What is AARP doing about controlling these increasing premiums? 

=================

WHAT?

Why would AARP do anything?

Medicare Supplemental coverage or MediGAP isn’t something that HAS TO BE purchased at all.  It is a choice as to whether or not to get a MediGAP policy - it is a GAP insurance product NOT health insurance.

Plus a Traditional Medicare beneficiary does not have to buy a MediGAP policy from UHC - there are probably many insurers in your area that offer MediGAP coverage and ALL of the alphabet type coverage under these type plans are ALL IDENTICAL in coverage because how each of these alphabet plans is covered is Federally regulated by CMS.
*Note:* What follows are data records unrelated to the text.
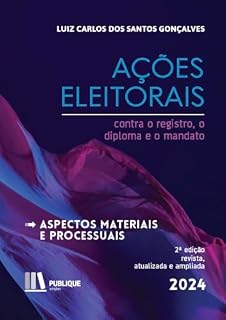 Livro Ações Eleitorais - Contra o regime, o diploma e o mandato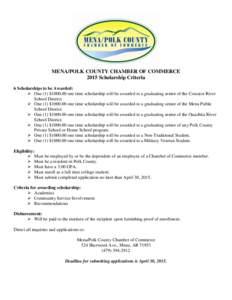 MENA/POLK COUNTY CHAMBER OF COMMERCE 2015 Scholarship Criteria 6 Scholarships to be Awarded:  One (1) $one time scholarship will be awarded to a graduating senior of the Cossatot River School District.  One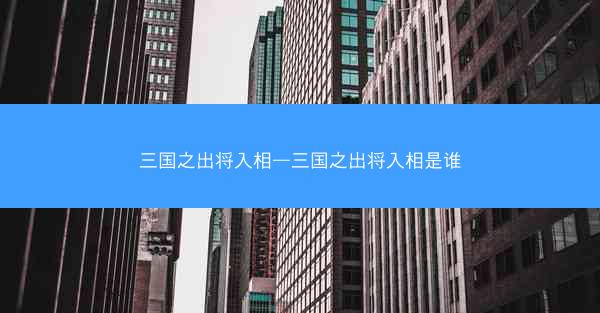 三国之出将入相—三国之出将入相是谁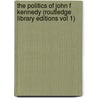 The Politics of John F Kennedy (Routledge Library Editions Vol 1) by Edmund Ions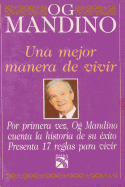 Una Mejor Manera de Vivir (Spanish Edition)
Medicare.gov Compare MediGAP Plan Benefits 

 

Perhaps shop for the one of your choice that has a lower premium - but avoid underwriting if you can - don’t cancel the old one until you have the new one in hand.  Being able to change plans without medical underwriting and when or being uprated is a function of State Insurance Depts. so know the rules of your state.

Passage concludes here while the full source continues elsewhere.